面白い、感動した。それが何になるって言うんですか? リバイバル

1000の小説とバックベアード

1000の小説とバックベアード

片説家。それは、依頼者のために好みの物語を提供する請負作家。
その片説家である木原は27歳の誕生日を迎えた日、とある女性から「小説家」としての仕事を依頼される。
わけのわからないまま書き始めた木原だったが、自分が文字を書けなくなっている事に気づく。
小説家と片説家、「やみ」の抗争。

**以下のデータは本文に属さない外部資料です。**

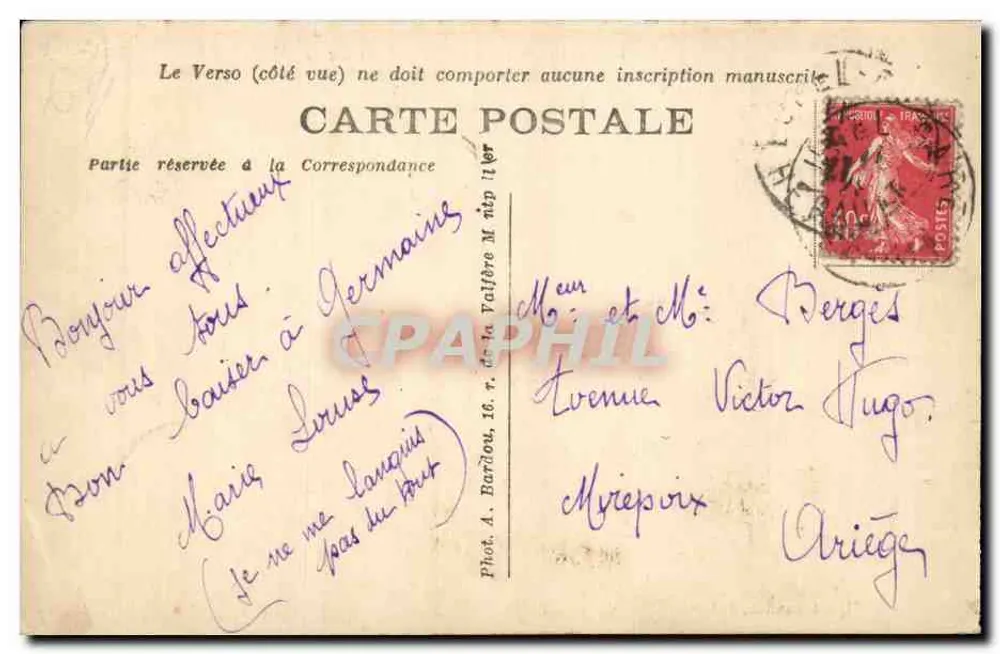 Fischen in Lunel — Hérault — Verlag Mlle J. Jaudon, Tabakladen - Rückseite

そして発動する謎の計画「1000の小説」。
やがて彼に介入してくる「日本文学」「バックベアード」とは何者なのか……。


第20回三島由紀夫賞を受賞した作品。Gen9がこれを手に入れた当初は、まだ受賞はしておらず、それからやけにあちこちの書店で増刷され始めたので、バスを何度も乗り継いでハシゴしてようやく発見した自分はなんだかすごく損をした気分だがさておき。
率直に言って、佐藤友哉の小説家としての核が出ているというか、それをそのまま具現化したような小説。私小説と文学小説とエンターティメント小説を足して三乗にしたような小説。鏡家サーガ、子供たち怒る怒る怒るとまた違う雰囲気の小説。
小説をネタにするといういわばメタ的な小説ではあるけど、エンターティメント小説としても面白く、テンポが速いのですいすい読むことが出来た。ケータイ小説やタレント小説のヒットが目立つ昨今の出版状況の中、小説というものを概念から問い直すというのもまた面白いのではないかと。
ちなみに「灰色のダイエットコカコーラ」は佐藤友哉人間としての核を具現化した小説(とGen9は分析している)ので、こちらも合わせて読むとユヤタンにかなり近くなれること請け合い。